Police union president: County has 'no plan' for cops' body cameras

Freeport police officer Richard Paulik demonstrates the use of the body cameras during a press conference to announce the full deployment of a body and in-car camera program to include every police officer on patrol, and every marked vehicle on the road today Thursday March 26, 2015 at the Freeport Police headquarters. Credit: Newsday / Alejandra Villa
The Nassau County Police Department has "no plan" for implementing its body camera pilot program and the lack of preparation could leave officers inadequately trained and subject to unfair discipline, the president of the department's largest police union said Tuesday.
Police Benevolent Association president James Carver, who said he plans to file an injunction with the Public Employment Relations Board to prevent the program from beginning Aug. 1, said he spoke once briefly with acting Police Commissioner Thomas Krumpter about body cameras.

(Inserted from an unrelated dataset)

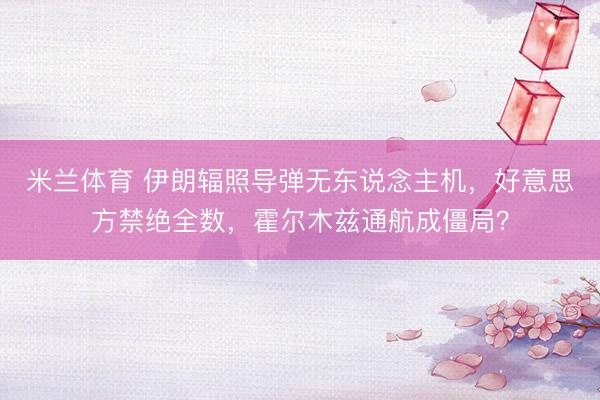 米兰体育 伊朗辐照导弹无东说念主机，好意思方禁绝全数，霍尔木兹通航成僵局？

Carver said Krumpter is required to negotiate with the union on the use of body cameras, an assertion department officials dispute.
"Our concern as police officers is basically -- how will it be implemented?" Carver said. "As stated yesterday by the commissioner, there's not even a policy in place yet . . . They should be sitting down talking to us about this."
Krumpter and County Executive Edward Mangano on Monday said the department would outfit 31 of its some 2,200 members with body cameras in a yearlong trial. Krumpter, who said officers would receive four hours of training, declined to specify the department's policy on the use of body cameras.
In a written statement Tuesday, Krumpter said that "discussions, planning and training" for the program "will occur between now and August 1."
Carver, who said the cameras could have a positive impact by "dramatically decreasing" false complaints made against officers, also lashed out at comments Krumpter made Monday, when he said the cameras would "ensure that officers are doing their job correctly and appropriately when interacting with the community."
Carver called Krumpter's comments "very disturbing to my members."
Carver said: "Let me be adamant about this, our police officers do the right thing each and every day, and they don't need a camera around their neck to have the public be assured that they're doing the right thing."
In response, Krumpter said the department has "the finest officers in the nation and they have the full support of this office. This program is a pilot to test new technology that has proved beneficial to police officers and their agencies across the country and it in no way suggests any lack of confidence in the men and women of this department."